KumoScale software manages all system functionality, enabling the creation of networked storage nodes that can be immediately deployed at scale – delivering improved utilization of NVMe SSDs by allowing them to be shared. Additionally, KumoScale paves the way to more efficient use of compute nodes via dynamic orchestration and enables performance storage for container orchestration frameworks such as Kubernetes – and can be adapted to in-house developed provisioning systems.
Commenting on KumoScale’s ability to enable improved server and SSD capacity utilization while lending revenue agility, Eric Burgener, research VP, storage in enterprise platforms, storage and network infrastructure group, IDC, noted: “For many cloud deployments, CPU and storage bottlenecks have hampered performance and storage scalability. Toshiba’s KumoScale software provides increased efficiencies in CapEx and application flexibility. New cloud-based architectures running real-time analytics, financial applications and NoSQL databases can leverage disaggregated NVMe-oF to alleviate these bottlenecks – and gain the full benefit of containerized, orchestrated environments.”

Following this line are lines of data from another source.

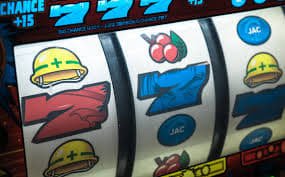 Pemain menganalisis tabel hasil Colok Macau di perangkat mobile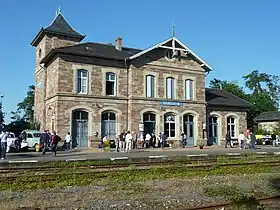 La gare de Volgelsheim, gare-tour typique de l'architecture EL.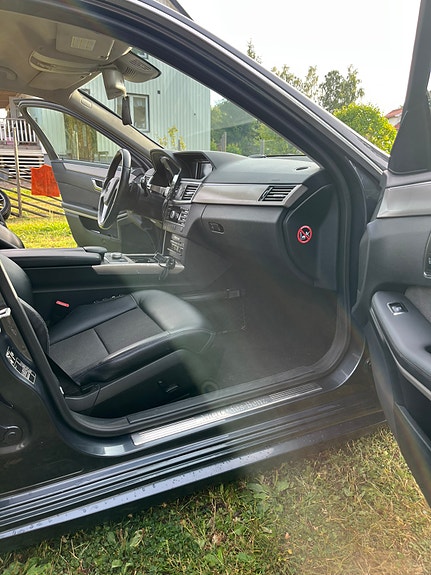 Mercedes-Benz E220 8 of 9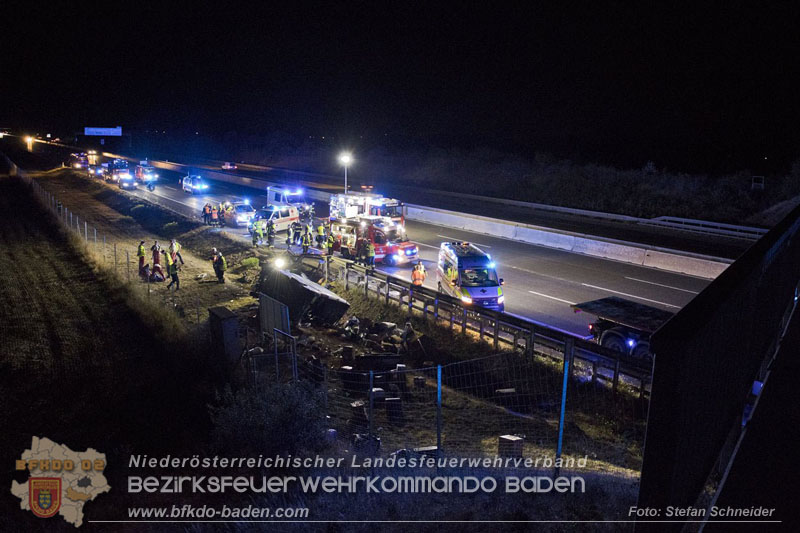 20240908_Kleinbus verunfallt auf der A2 bei Traiskirchen - acht Verletzte und ein Todesopfer Foto: Stefan Schneider BFKDO BADEN 20240908_Kleinbus verunfallt auf der A2 bei Traiskirchen - acht Verletzte und ein Todesopfer Foto: Stefan Schneider BFKDO BADEN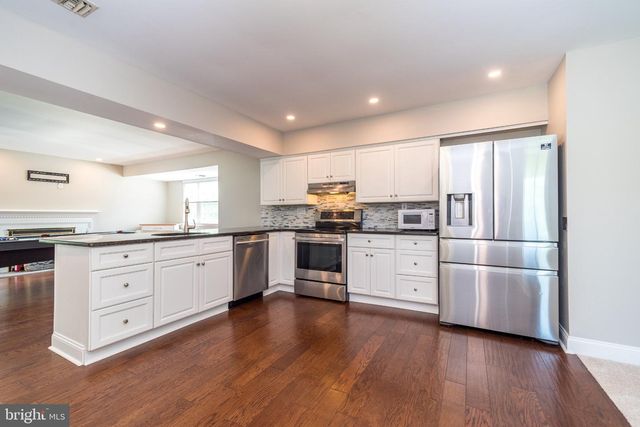 226 ALLEM LN, Perkasie, PA 18944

In collaboration with Portworx, Inc., a cloud native storage management solution for Kubernetes, KumoScale provides a solution for making containerized big data, fast data and machine learning workloads easier to manage and higher performing. Portworx provides Kubernetes storage that is dynamically provisioned, highly available, automatically backed-up and enables multi-cloud workflows. Running Portworx volumes on top of KumoScale’s target namespaces enables the raw performance of NVMe to be efficiently and flexibly configured under the leading orchestration framework – which is an industry first.

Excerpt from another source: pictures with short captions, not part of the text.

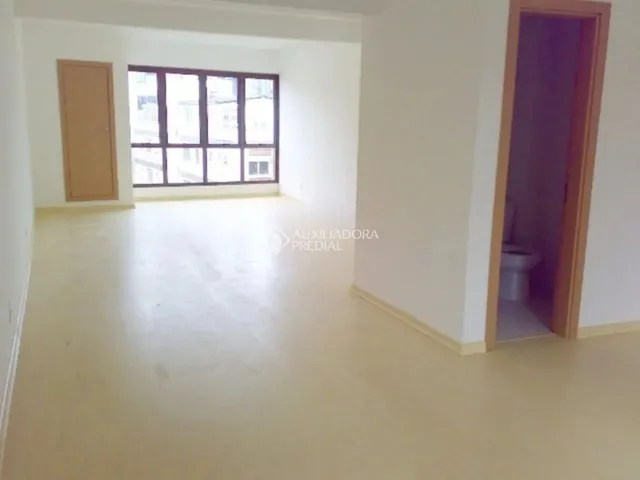 Imagem: Sala Comercial - Praia de Belas - Porto
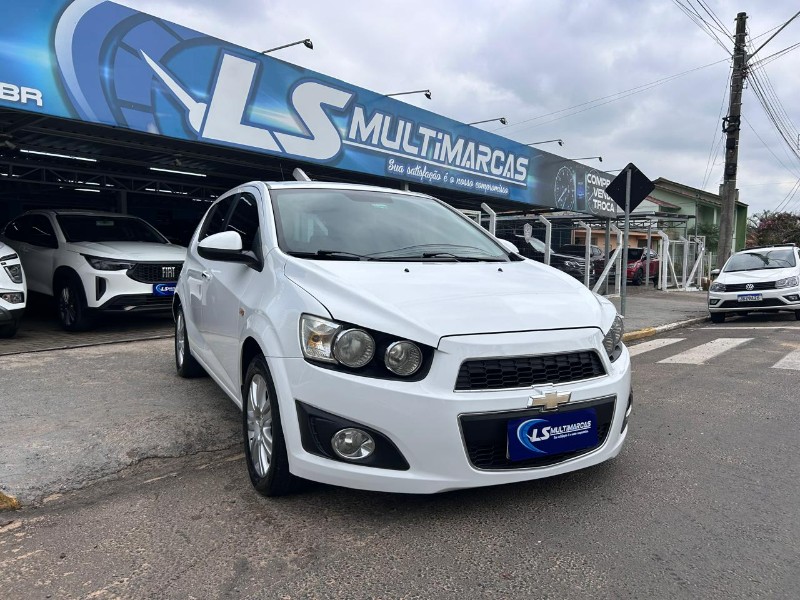 CHEVROLET SONIC HB LTZ 1.6 16V FLEXPOWER 5P AUT. 2014/2014 LS MULTIMARCAS VENÂNCIO AIRES / Carros no Vale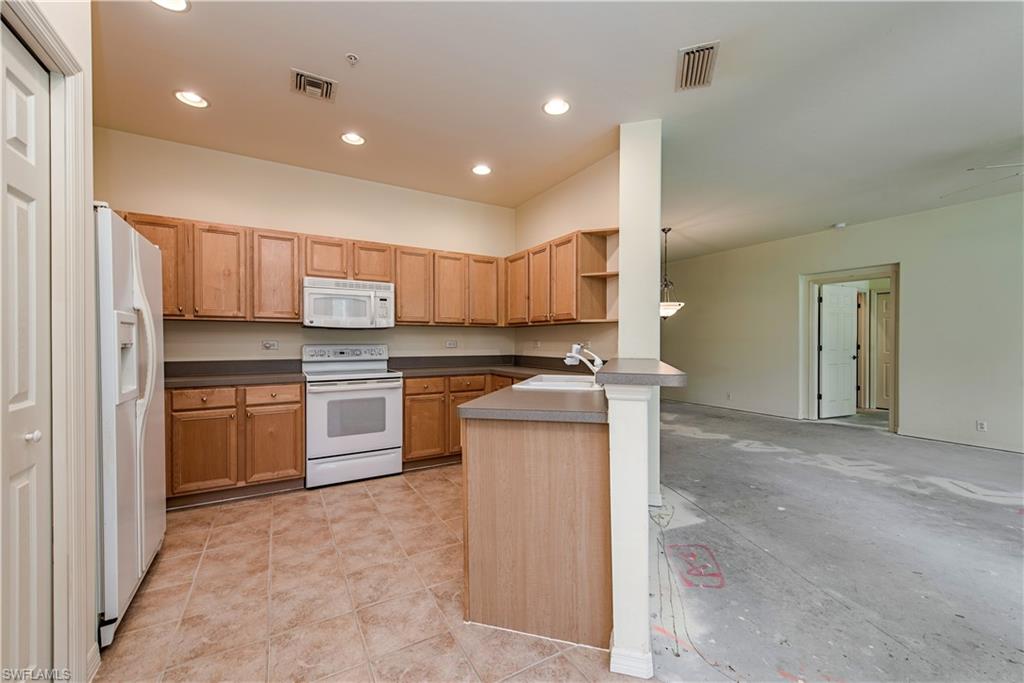 8535 Danbury BLVD Unit: 104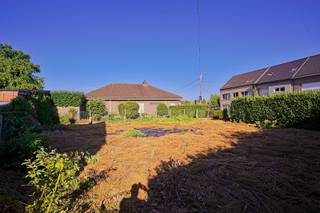 Deze bouwgrond is vrij van aannemer, voorzien van een zuid-gerichte tuinzone en heeft een oppervlakte van 404 m² groot. Hier kan u meer dan een volwaardige gezinswoning met een eventuele aparte garage bouwen. Deze bouwgrond is voorzien van oude goedgekeurde bouwvoorschriften wat u tal van voordelen geeft ten opzichte van een recente verkaveling! Verder kan u hier een woning bouwen met een gevelbreedte van 8 meter, een diepte van 10 meter, en dit ook op de eerste verdieping en een eventueel zadeldak. De garage kan achteraan op de perceelgrens voorzien worden en mag tot 4 meter breedte hebben. Winkels, scholen, openbaar vervoer en het stadscentrum zijn vlot bereikbaar, wat zorgt voor een aangename combinatie van wonen in het groen en dagelijkse voorzieningen dichtbij. Kortom voor de sneller beslisser! Bel of mail vandaag nog voor de voorschriften en het plan naar info@rosiersderidder.be of 052/41.41.94.<br /><br />Referentie: 5700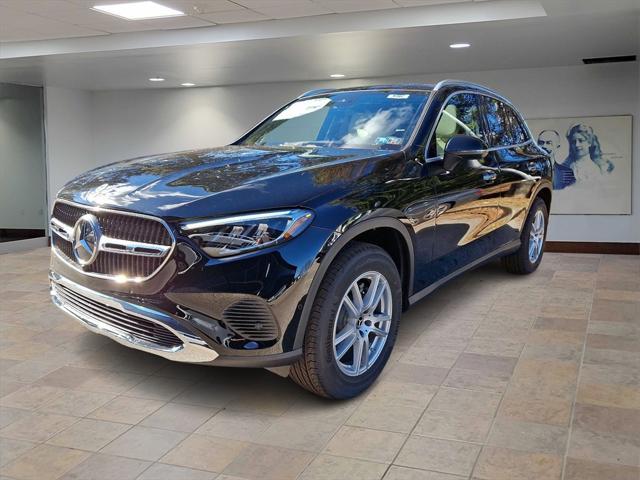 new 2025 Mercedes-Benz GLC 300 car, priced at $56,905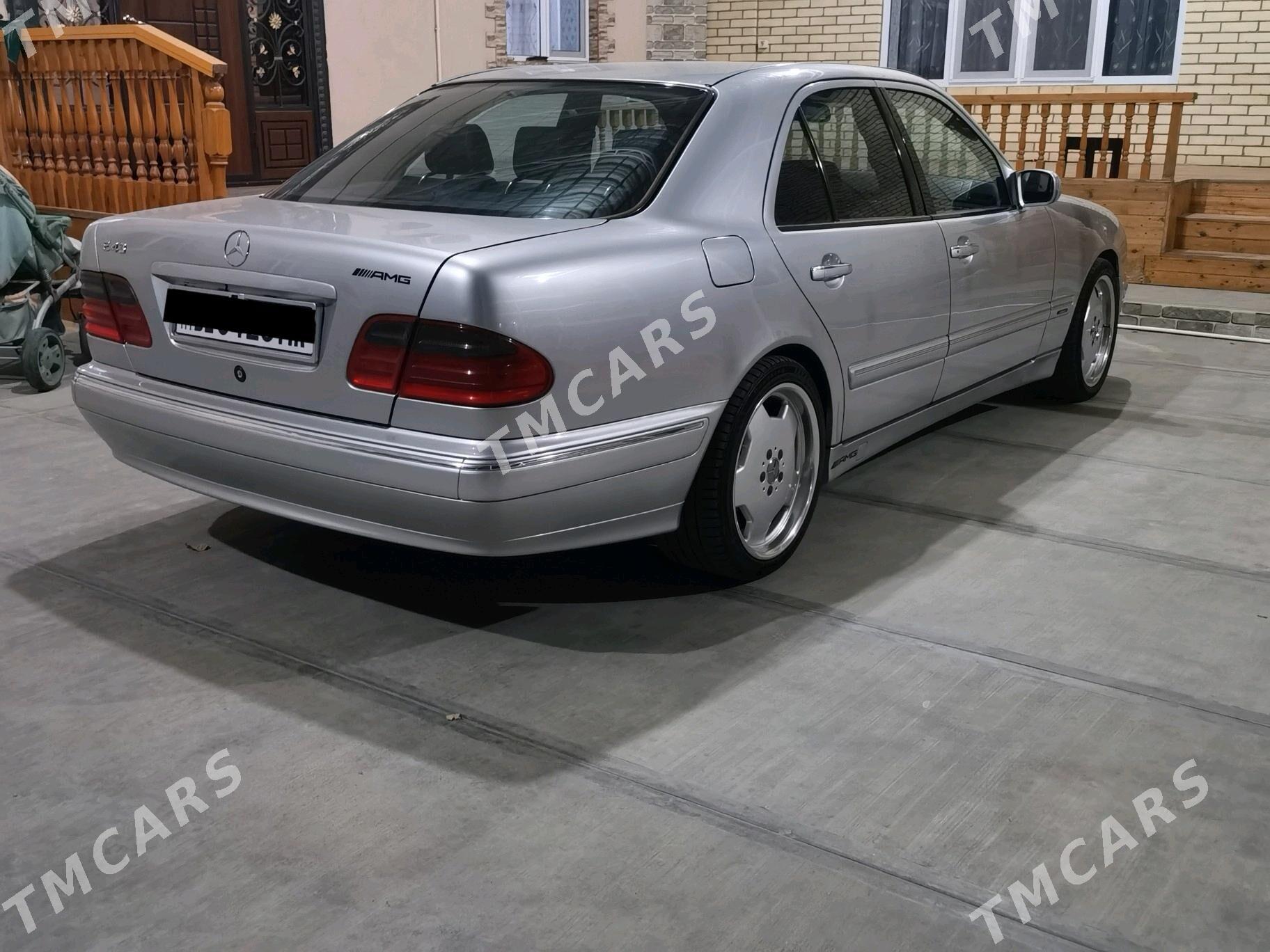 Mercedes-Benz E430 2001 - 135 000 TMT - Mary - img 4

“The joint TMA and Portworx solution represents the first standards-compliant integration of Kubernetes container orchestration with an NVMe-oF storage target,” noted Eric Han, VP, product management, Portworx. “The ability to run containerized workloads in a fully automated manner with the performance of NVMe-oF will enable a new level of performance and elasticity for data center scale container users.“
TMA and Portworx will jointly demonstrate KumoScale at OCP at the San Jose Convention Center from March 20-21.